# Muda Piranha



## Jimmywhispers (Jul 18, 2011)

So I have the opportunity to purchase a muda piranha. I was wondering what people thought of these guys... I know they are on the slower/smaller size for piranha growth. Does anyone on here have one? Pictures? and age of fish? 
Thanks guys


----------



## Guest (Nov 8, 2011)

Muda is a name used for several different species. It would be best if you posted a clear side picture of this fish in the Piranha Species ID section.


----------



## Jimmywhispers (Jul 18, 2011)

I sent a message to the seller and hope to receive a picture of the fish. My best guess is that it is Serrasalmus Serrulatus, similar to the ones AEaquatics sell.


----------



## memento (Jun 3, 2009)

Muda is the common name for S.serrulatus.
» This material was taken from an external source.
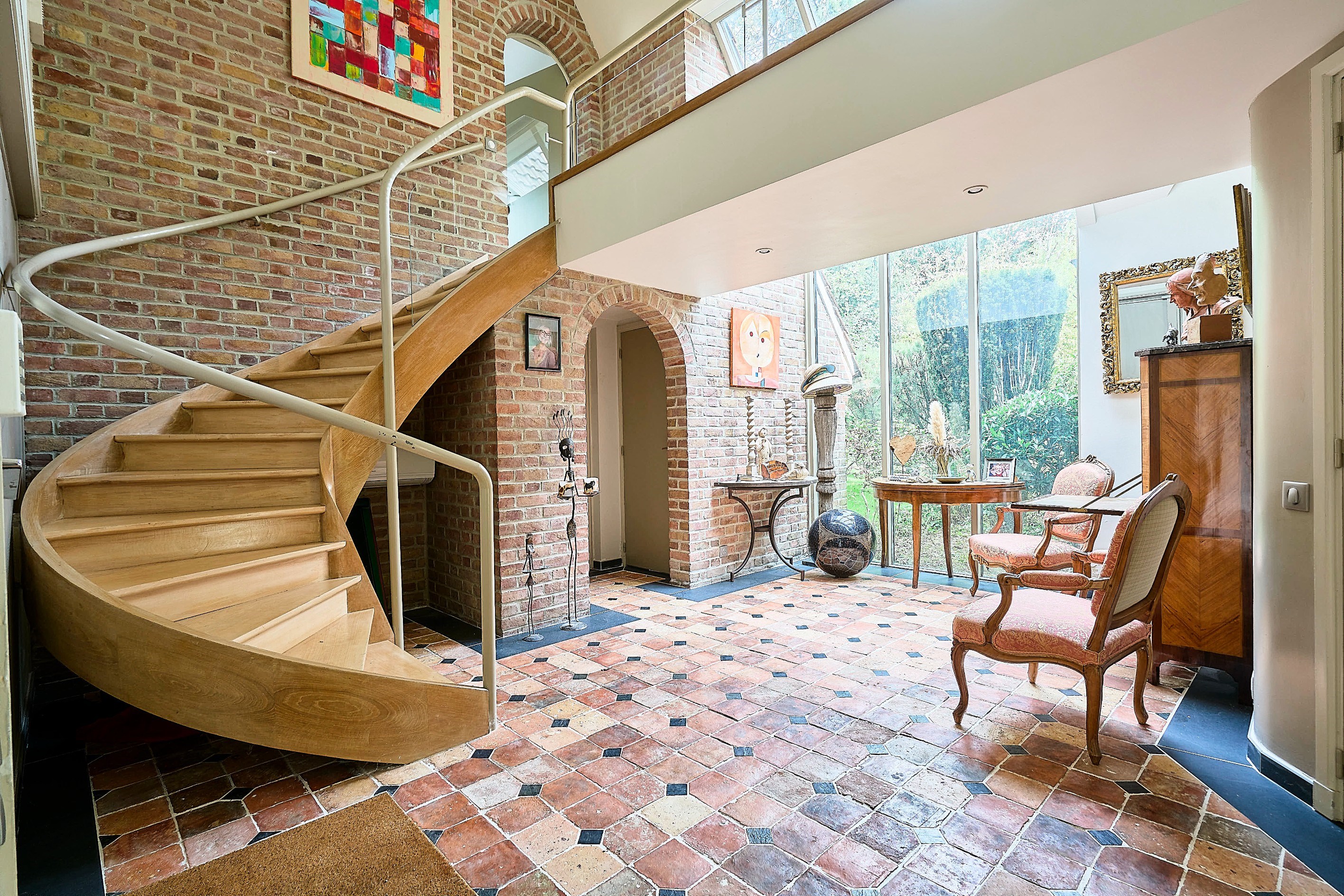  Substantial Family Residence in Croix - 232m² with 2716m² Land - 物件實景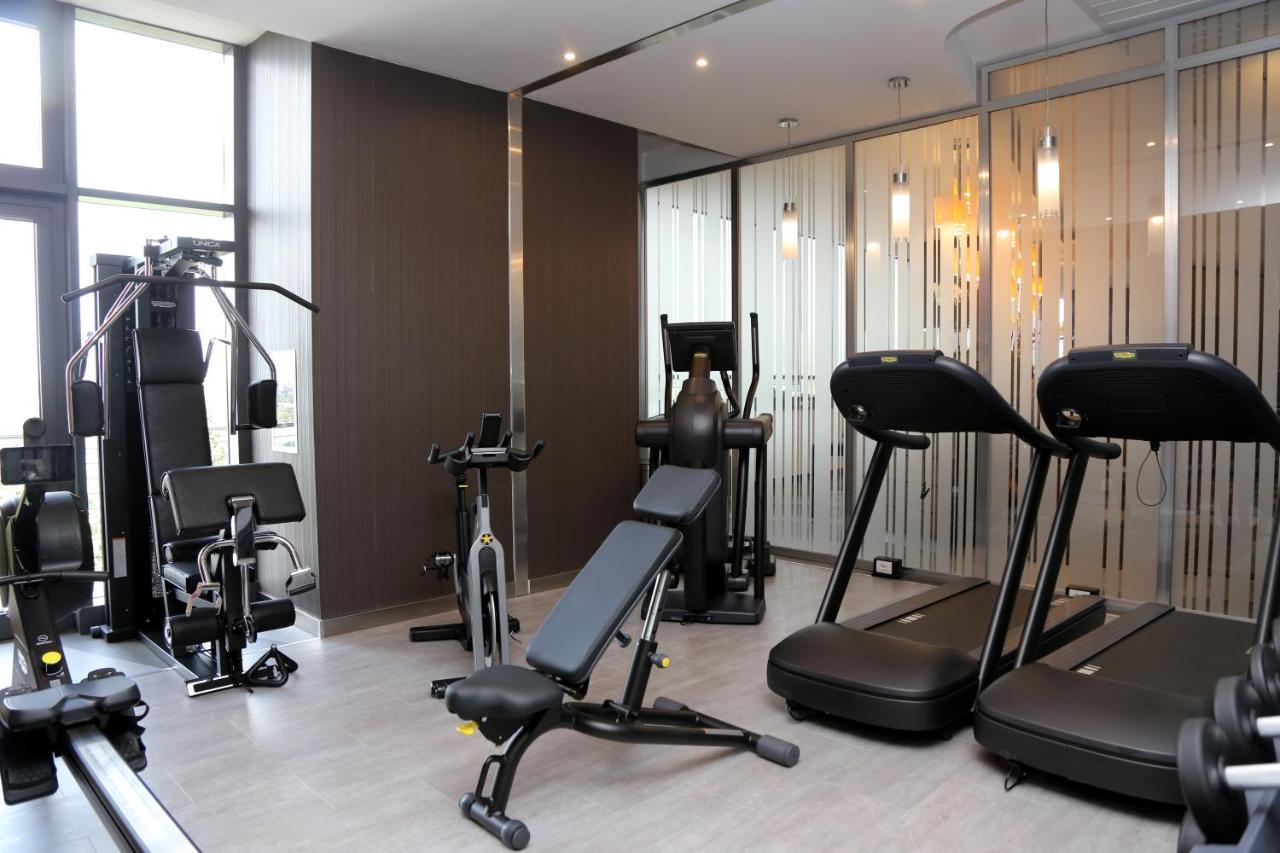 Ibis Styles Roma Eur Hotel Bagian luar foto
Getting more available in the hobby and certainly a very nice species !


----------



## Jimmywhispers (Jul 18, 2011)

Do you know of anyone that has a larger one, pictures possibly. Would like to see what the end result of years of care will lead to.


----------



## addicted216 (Sep 30, 2011)

this is my muda, hes about five inches, they dont get very big, takes them a little while to come out there shell, but alot of piranha are like that, ive had him for about to years, he its shrinp, talapia, pellets, once in a while a feeder, if you want a p that doesnt get very big, then its a good choice,


----------



## Jimmywhispers (Jul 18, 2011)

Awesome man thanks for the picture, a unique looking P for sure. Looks like I found my office desktop fish, hopefully I can still get some work done.


----------



## addicted216 (Sep 30, 2011)

Jimmywhispers said:


> Awesome man thanks for the picture, a unique looking P for sure. Looks like I found my office desktop fish, hopefully I can still get some work done.


lol, goodluck with your choice


----------



## agea (Mar 5, 2011)

here are some pics of mine but i sold it due to tank space...I should have setup another small tank in a different room as they do grow slow as I heard kinda of regret it....hope this helps you


----------



## Jimmywhispers (Jul 18, 2011)

Sweet looking fish man, thanks. I actually decided to transfer my sanchezi to the office. As you can tell by the time of this post...work isn't happening lol


----------